Para explicar este midrash, é preciso primeiramente levantarmos algumas perguntas sobre o Yom Kipur:

1) Como citado em capítulos anteriores: De acordo com a maioria dos sábios no Talmud (que discutem com Rabí Yehudá Hanassí) e conforme ficou determinado no lei, o “próprio dia” de Yom Kipur expia os pecados junto com a teshuvá. Se a teshuvá sozinha não tem poder de expiar pelo pecado, como o próprio fato de ter chegado o dia de Yom Kipur pode resolver? [Esta questão foi abordada também nos capítulos anteriores, mas neste capitulo vamos apresentar, com a ajuda de D’us, outra forma de responde-la[2]].
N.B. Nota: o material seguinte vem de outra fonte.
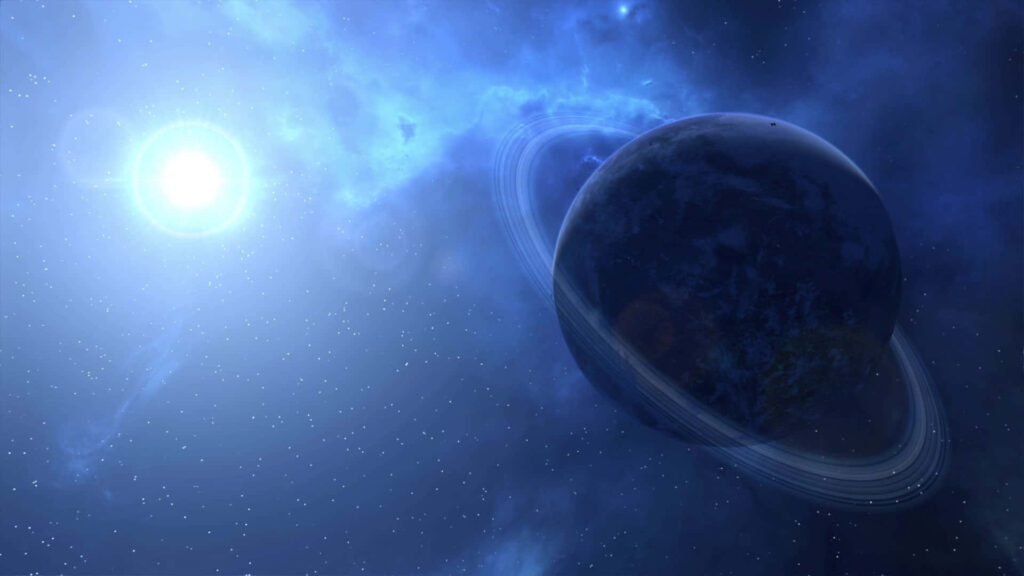 Cosmic animated wallpaper with radiant sun, glowing ringed planet, and starry space backdrop.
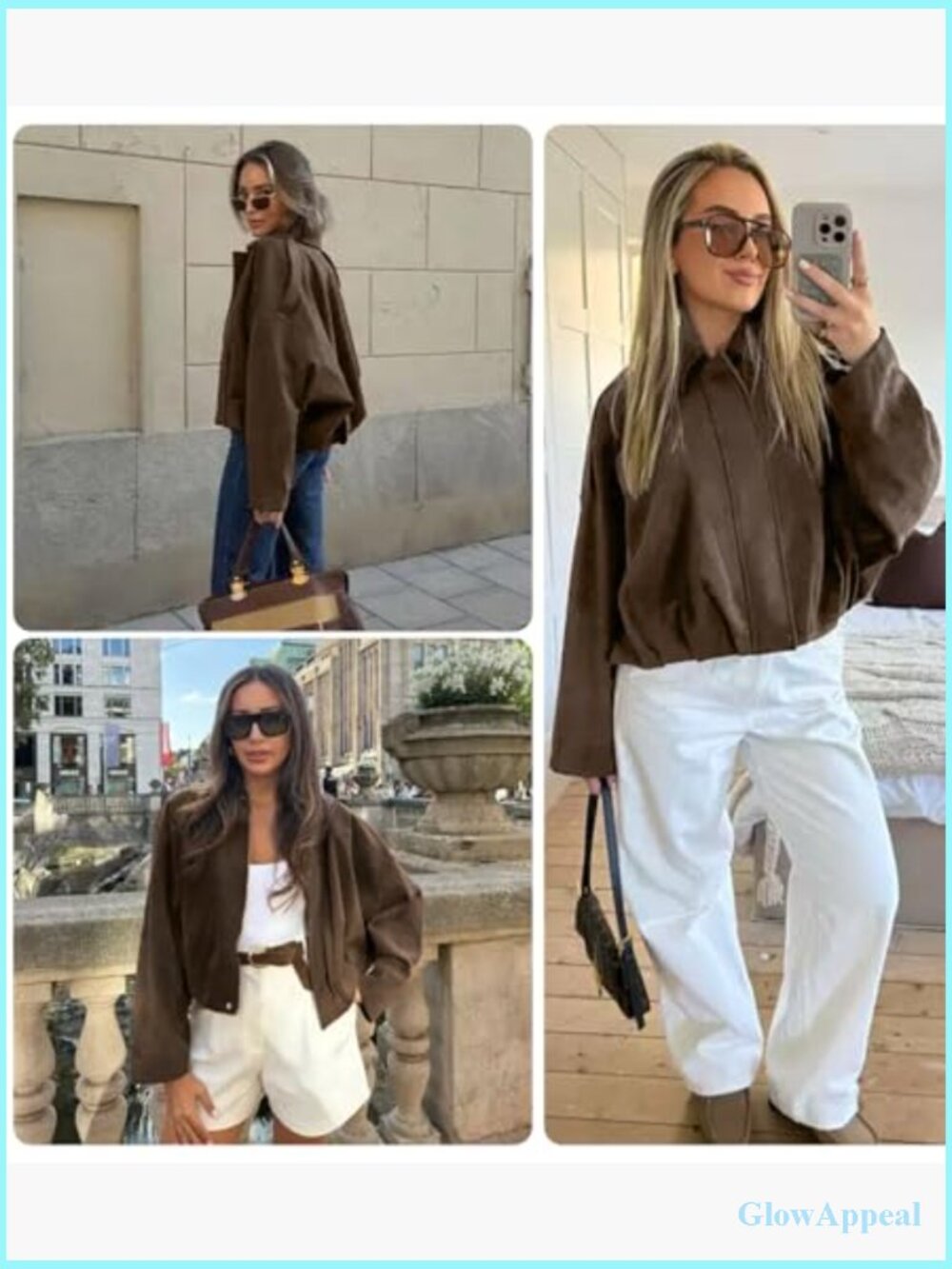 Faux Suede Bomber Jacket Oversized Cropped Lapel Motorcycle Style - Picture 5 of 7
2) A Mishná[3] diz: “Disse Rabí Akiva: bem-aventurados são vocês… quem os purifica? Seu Pai Celestial”. Rabí Akiva traz como prova o versículo “Lançarei sobre vocês águas puras e vocês purificar-se-ão”. A Mishná está falando de Yom Kipur, enquanto o versículo trazido é de Yechezkel 36, num trecho em que o profeta está falando sobre a purificação na época da redenção e não sobre a purificação de Yom Kipur.

Da mesma forma, é preciso questionar ainda sobre o Midrash Shemot Rabá[4]: “Assim, Israel se afunda nos pecados devido à má inclinação que tem dentro de seu corpo. Eles fazem teshuvá e D’us todo ano perdoa seus pecados e renova seu coração para temê-Lo, conforme dito: ‘Lhes darei um novo coração’” Este versículo também é do mesmo capítulo de Yechezkel que, conforme vimos, fala sobre o futuro e não sobre Yom Kipur.
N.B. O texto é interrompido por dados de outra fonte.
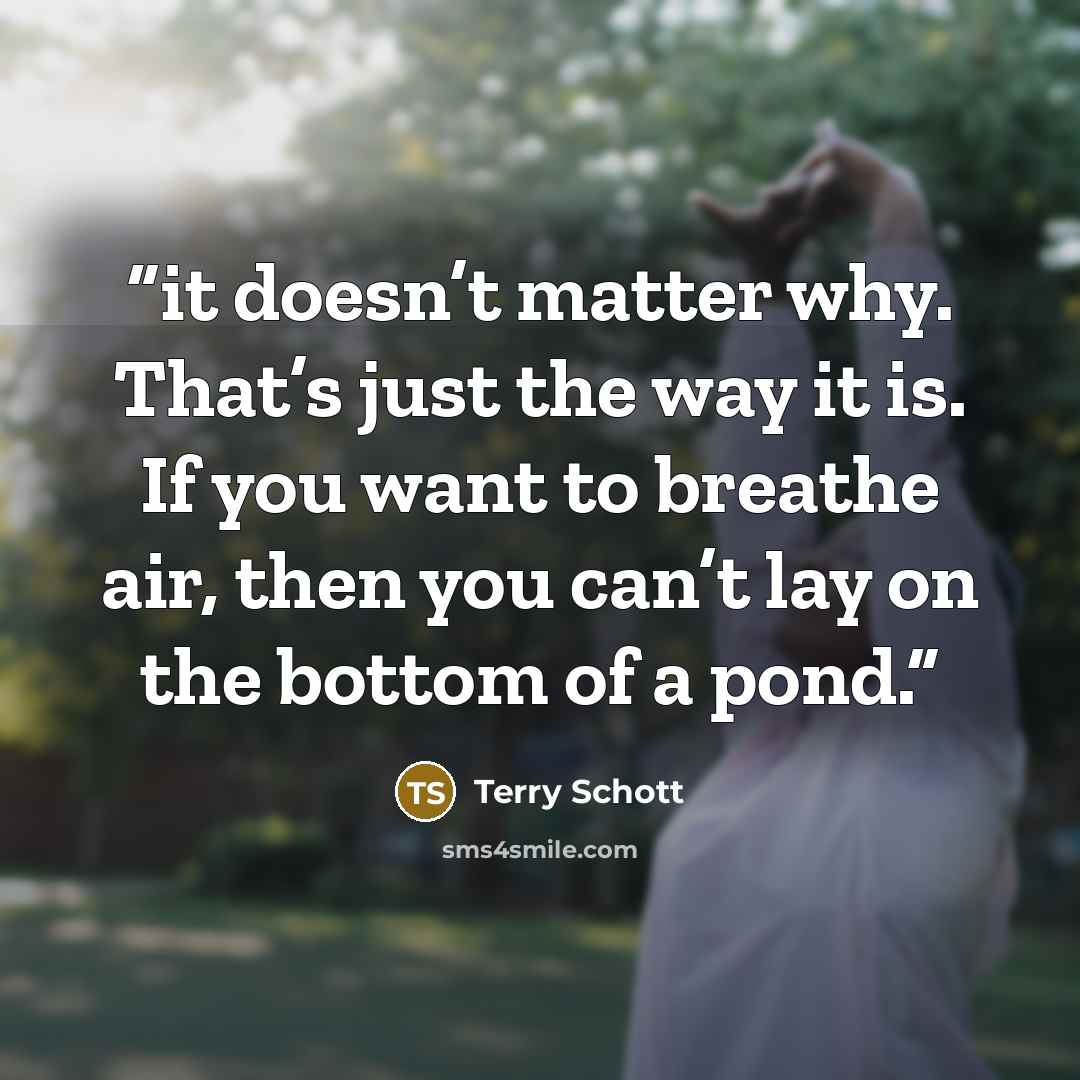 “it doesn’t matter why. That’s just the way it is. If you want to breathe air, then you can’t lay on the bottom of a pond.” quote by Terry Schott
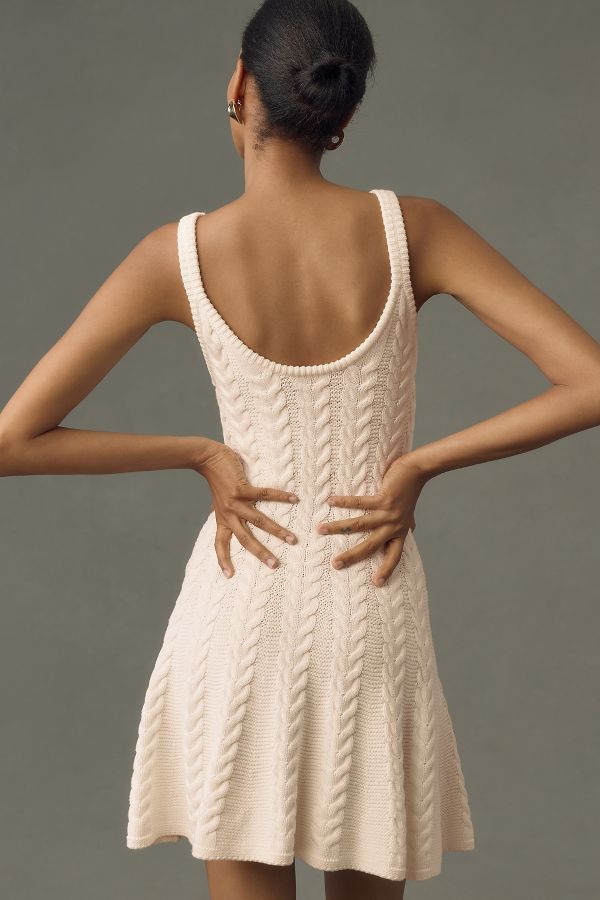 Slide View: 4: Mac Duggal Sleeveless Chunky Knit Mini Dress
3) Seria interessante analisar também o sorteio que se fazia no Templo, em Yom Kipur, entre dois cabritos, para determinar qual seria oferecido a D’us no Altar e qual seria mandado para o Azazel e jogado do alto de um penhasco. Qual a necessidade do sorteio, que era parte inseparável do serviço e era feito pelo próprio Cohen Gadol, lendo o Nome Sagrado de D’us? Afinal, era possível separar um bode para D’us e um para o Azazel assim como se faz com todas as demais oferendas: por exemplo, todo dia (no Tempo) separava-se um carneiro para o sacrifício do Tamid matutino e um carneiro para o sacrifício do Tamid Vespertino, sem sorteio.

4) Está escrito nos Salmos (57:3): “Clamo a D’us, o Altíssimo, que completa Sua bondade sobre mim”. Sobre este versículo, explica o midrash Bereshit Rabá[5]:

‘Clamo a D’us, o Altíssimo’ – em Rosh Hashaná. ‘Que completa Sua bondade sobre mim’ – em Yom Kipur, para saber qual é para D’us e qual é para o deserto”.

À primeira vista, parece impossível compreender este midrash: por que o sorteio dos cabritos é a “completitude da bondade de D’us”, se é somente o início da oferenda? Qual é a grandeza deste sorteio para o midrash louvá-lo tanto?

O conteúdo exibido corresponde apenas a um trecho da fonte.